#### DATA SECTION
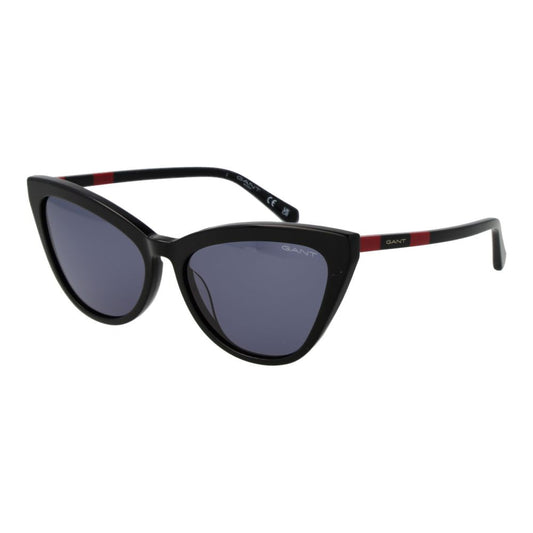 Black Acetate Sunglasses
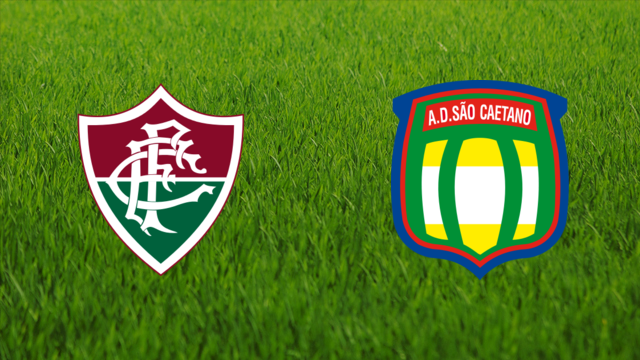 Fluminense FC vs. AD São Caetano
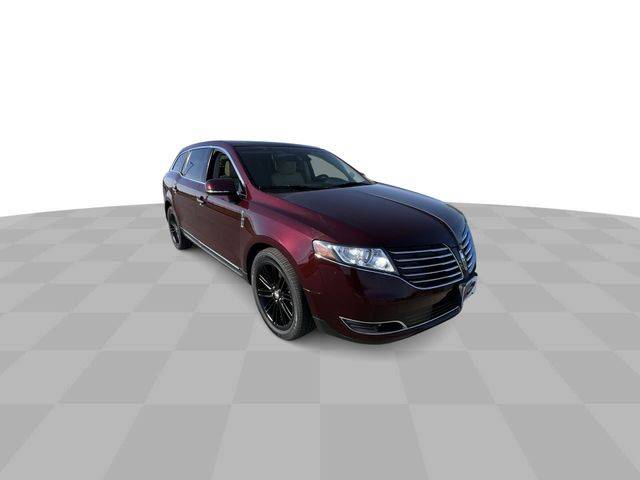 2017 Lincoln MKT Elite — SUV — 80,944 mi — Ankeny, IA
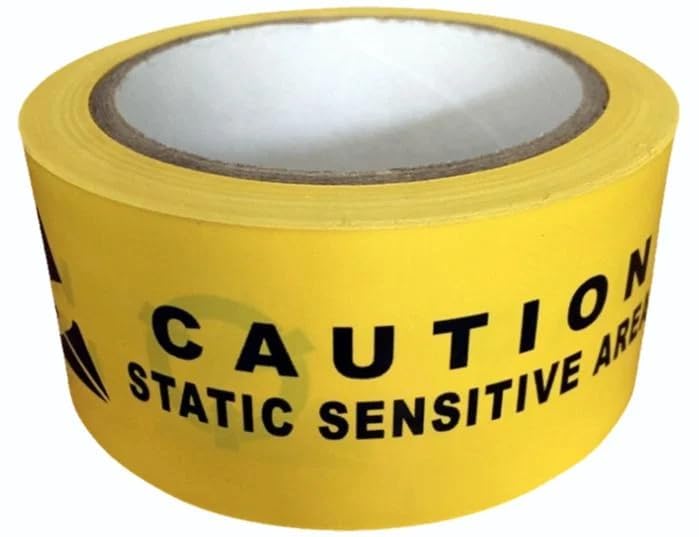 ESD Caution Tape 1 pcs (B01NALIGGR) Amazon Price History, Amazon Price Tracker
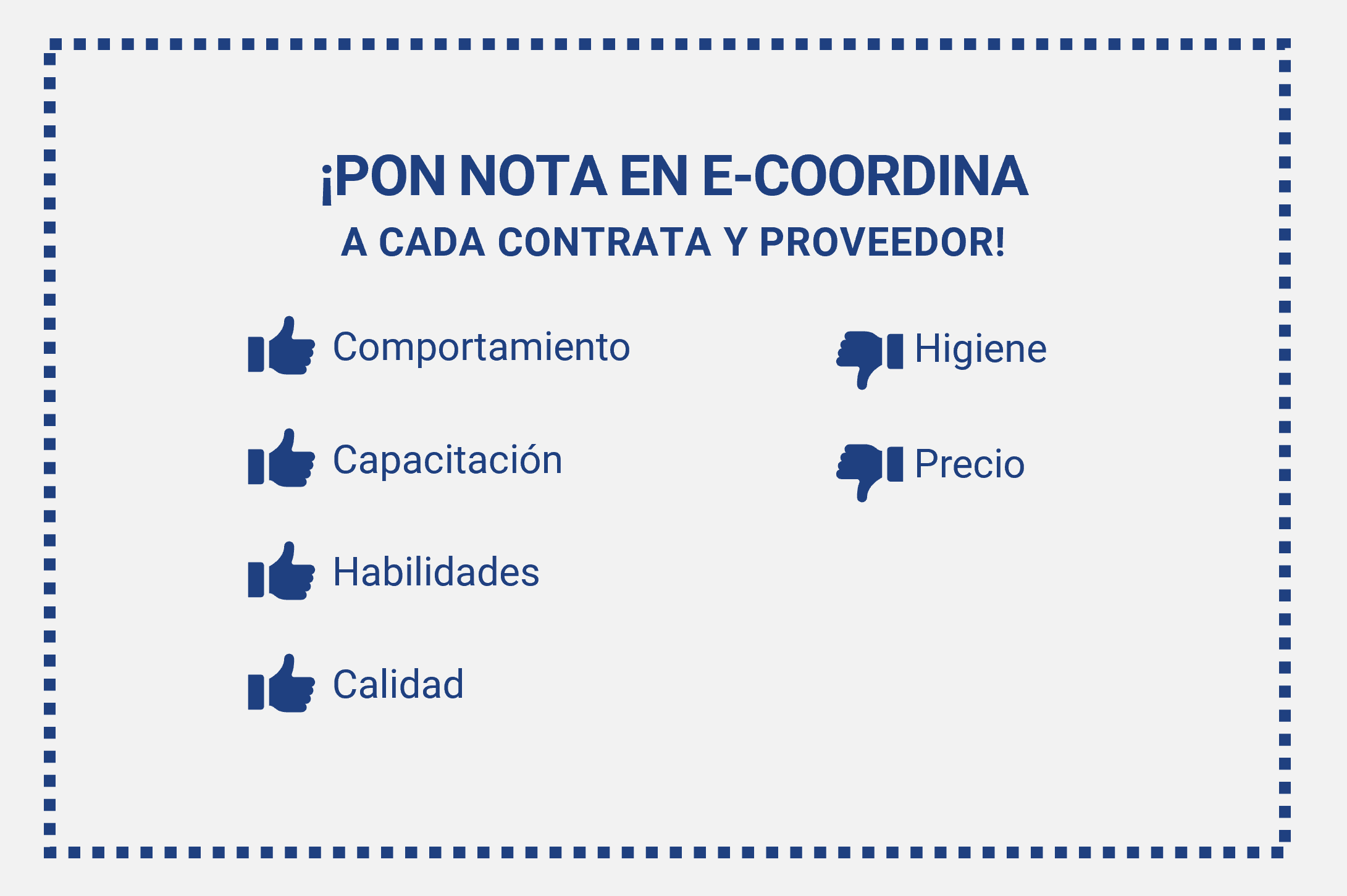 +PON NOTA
########
#### DATA SECTION
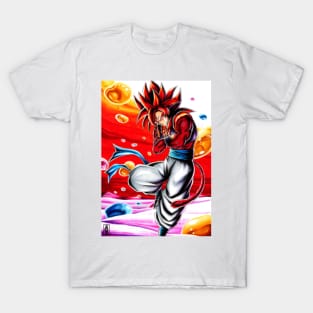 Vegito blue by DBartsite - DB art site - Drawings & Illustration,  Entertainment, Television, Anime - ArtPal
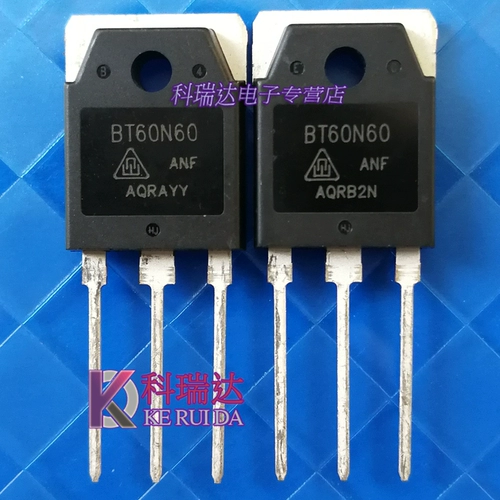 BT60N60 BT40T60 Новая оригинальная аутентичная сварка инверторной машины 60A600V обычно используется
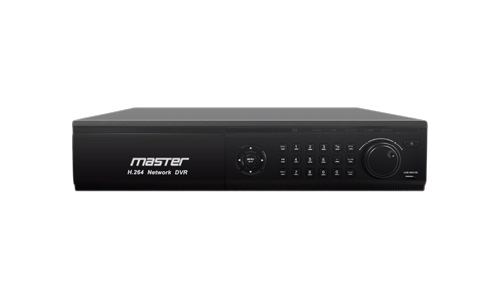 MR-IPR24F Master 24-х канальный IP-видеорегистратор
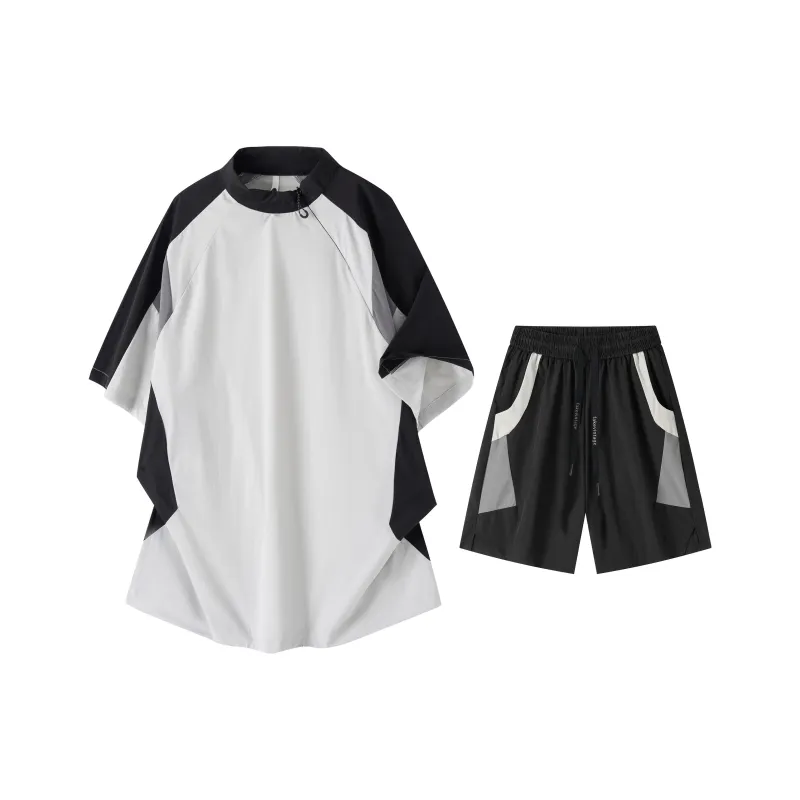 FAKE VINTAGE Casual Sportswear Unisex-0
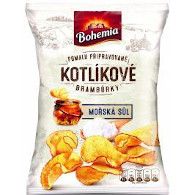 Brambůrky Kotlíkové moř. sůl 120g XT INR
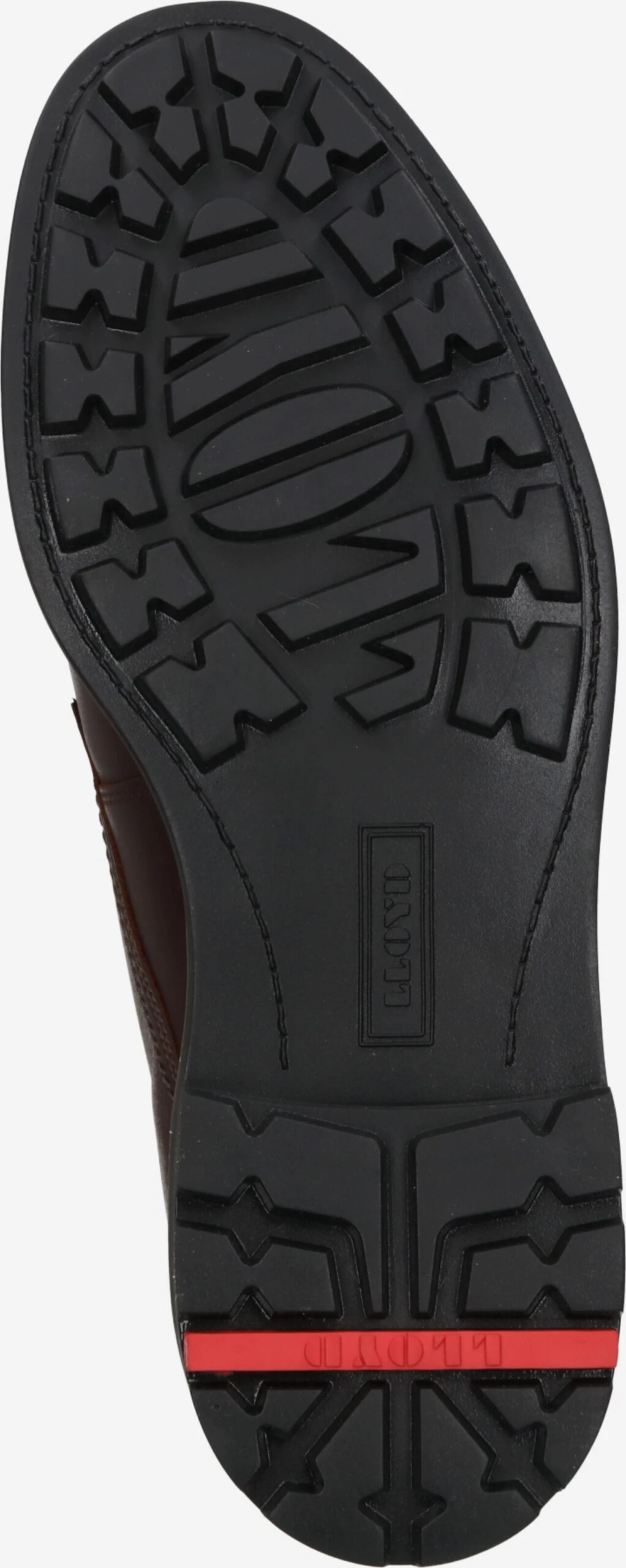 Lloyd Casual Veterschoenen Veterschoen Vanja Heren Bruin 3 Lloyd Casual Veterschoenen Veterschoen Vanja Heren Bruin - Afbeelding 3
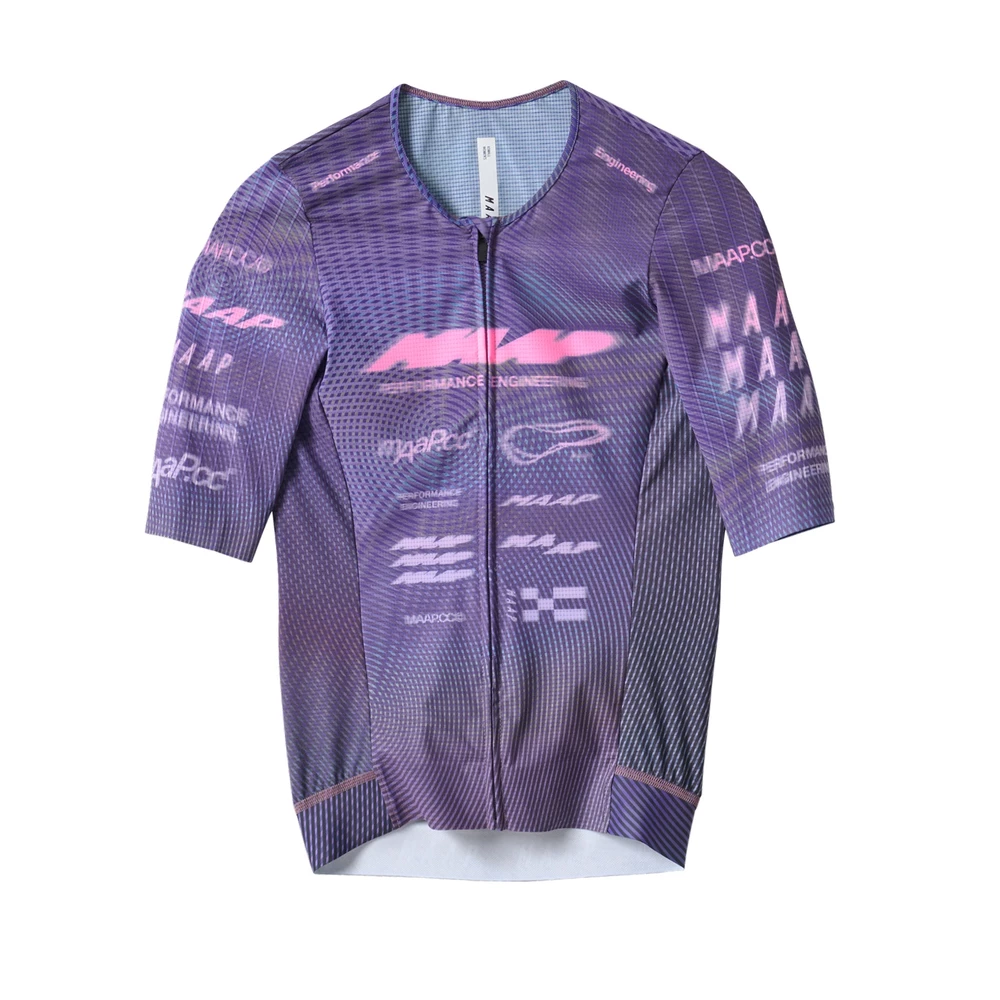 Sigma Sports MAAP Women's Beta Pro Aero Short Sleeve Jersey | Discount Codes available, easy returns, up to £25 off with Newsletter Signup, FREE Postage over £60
########
[YOUR TASK] Print, exactly, each line above from the one with "MR-IPR24F Master 24-х" to the one with "Lloyd Casual Veterschoenen Veterschoen Vanja Heren Bruin 3", end lines included. Leave pictures out of it.

[ANSWER SECTION]
 MR-IPR24F Master 24-х канальный IP-видеорегистратор
 FAKE VINTAGE Casual Sportswear Unisex-0
 Brambůrky Kotlíkové moř. sůl 120g XT INR
 Lloyd Casual Veterschoenen Veterschoen Vanja Heren Bruin 3 Lloyd Casual Veterschoenen Veterschoen Vanja Heren Bruin - Afbeelding 3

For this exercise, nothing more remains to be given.